What made me sick last night?
July 24, 2017 7:35 AM   Subscribe

During the night I experienced the most violent nausea and vomiting ever. Midday today, and my throat is still raw; otherwise ok. Here's what I ate ...

Yesterday I ate the following and became badly ill during the nite. Are any of these particularly suspect?

breakfast
● pancakes, canadian bacon, banana
lunch
● 1 egg w cheese & homemade green chile sause (precooked)
● 1 enchilada (homemade, baked 20 minutes: tortilla, cooked ground beef, Pace salsa)
snacks
● bbq chips
● peach (washed)
● ear of corn (fresh)*
supper
● tamale (chili/cheese, packaged, Trader Joe)*
● green beans (fresh, washed, steamed)
● basil (fresh, washed)
● apple fritter

* One other piece of info: my microwave is 1250w, so I usually set it for ~10-15% less time than a package calls for.
AND I cook corn even less, per preference. So I prolly nuked the unshucked ear for only 1.5 minutes.
posted by SallyHitMeOntheHead to Health & Fitness (18 answers total) 1 user marked this as a favorite
 
I am not a doctor, but, I would assume that it was something that you ate at supper.

I don't think that you would have had this reaction to any food that you would have eaten 12 hours previously.

My guess would be the Trader Joe's tamale.

I hope that you feel better soon!
posted by Hanuman1960 at 7:46 AM on July 24, 2017


It didn't have to come from food. There are highly virulent "stomach bug" viruses that can be picked up easily. The best way to thwart them is through frequent hand washing. Nothing on your list looks particularly suspect.
posted by quince at 7:48 AM on July 24, 2017 [14 favorites]


Food poisoning can incubate as long as 36-48 hours to get to the point where you actually get physically ill. The inclination that most people have attribute it to what they ate 'last' or sometime in the last 24 hours, but that's not always the case. You might need to stretch that timeline out a few more days to find the likely culprit (and even then it's really difficult to pinpoint unless you were eating dumpster-yogurt or something...).
posted by furnace.heart at 7:49 AM on July 24, 2017 [9 favorites]


Could you have some kind of GERD/stomach acid problem? That can manifest as nausea and vomiting, and you had a bunch of high-acid foods (the salsa, the peach, the BBQ chips, the tamale's chili, etc.). When I've had food poisoning, the vomiting wasn't limited to once—it kept going for hours. High acid foods for me are fruits, tomatoes (sauce etc.), and chocolate. Sometimes I accidentally stack too much up in one day and my stomach flips out., even though I have to take omeprazole daily.
posted by clone boulevard at 8:02 AM on July 24, 2017


I would just assume stomach virus. They can come and go fast and furious. Not pleasant.
posted by soren_lorensen at 8:11 AM on July 24, 2017 [1 favorite]

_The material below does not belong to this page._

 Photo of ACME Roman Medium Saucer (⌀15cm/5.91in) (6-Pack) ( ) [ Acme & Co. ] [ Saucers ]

If you're convinced it was food poisoning, especially if you think it was the Trader Joe's tamale, you should call your local public health department and report that you had food poisoning. They will call you back (at least mine called me back) and made me list everything I'd eaten in the 48 hours previous and where I had bought it. This sucked because I'd had salad with multiple ingredients from multiple sources. I assumed they only called if there was a cluster, but they say they call everyone and then use that to identify possible clusters.
posted by If only I had a penguin... at 8:25 AM on July 24, 2017


It doesn't really work this way. Food poisoning has variable incubation periods, and you can get similarly sick by other means. People always jump to the conclusion that it's something they ate last, but it often isn't. Even if you ate a risky food, it could have been something else - even one you wouldn't really suspect, if at some point it was contaminated.

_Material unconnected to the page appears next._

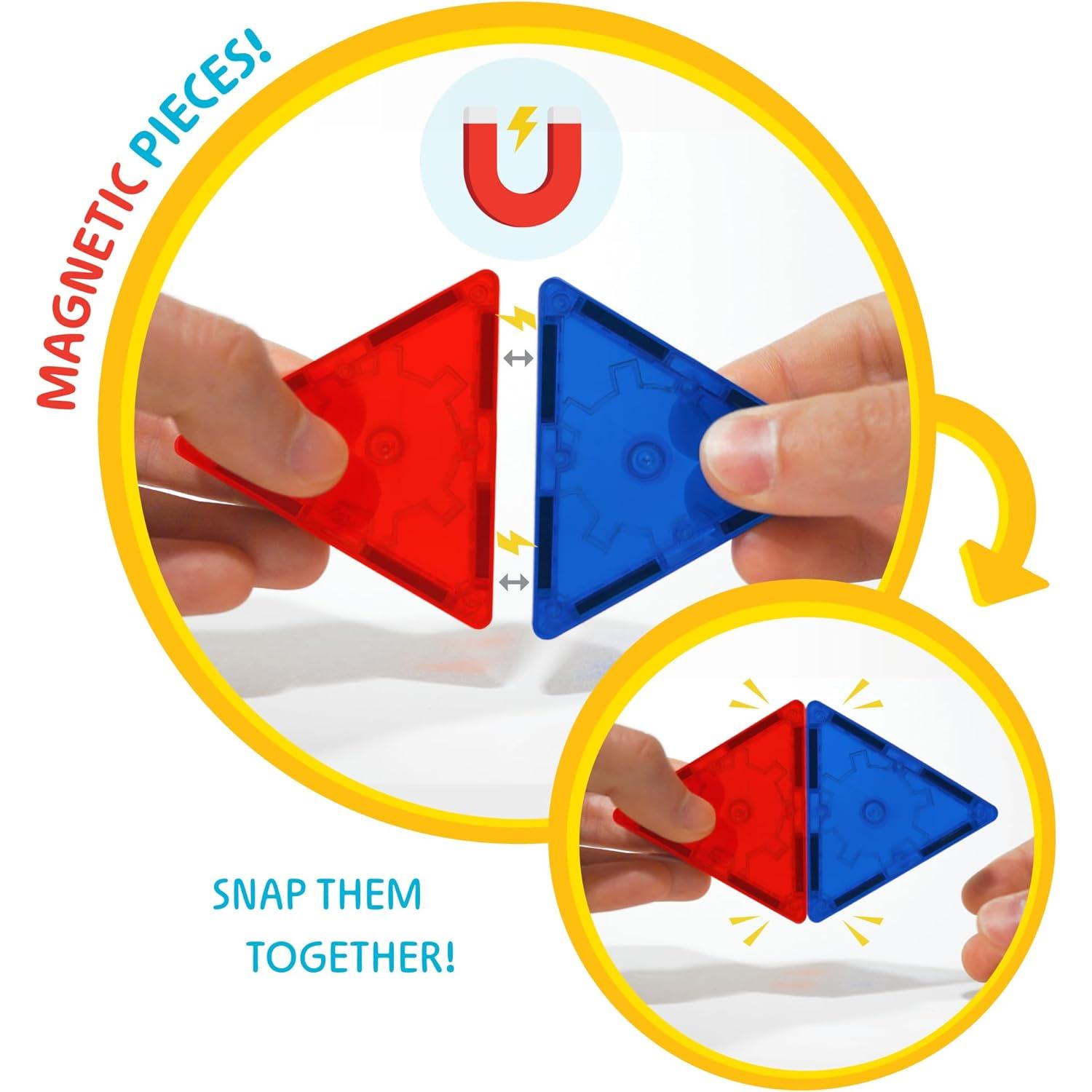 Juego de Azulejos Magnéticos Tytan Disney Junior 22 Piezas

Most of the time you just can't tell for sure.
posted by Kutsuwamushi at 8:26 AM on July 24, 2017 [6 favorites]


A bacterial infection could come from something you ate day before yesterday. Norovirus could come from touching anything touched by an infected person over the past day or two, especially food. Allergies would likely come from the last thing you ate, would start soon after eating, and you would feel much better after vomiting.

One other cause, not mentioned above, is passing a gallstone. That can cause pain and nausea with vomiting. If you noticed any sticky yellowish or greenish stuff (bile) in vomit that did not look like what you ate, that's another indication.
posted by jraenar at 8:30 AM on July 24, 2017


I got food poisoning from a Trader Joe's tamale once. So that's my bet.
posted by sciencegeek at 8:40 AM on July 24, 2017 [1 favorite]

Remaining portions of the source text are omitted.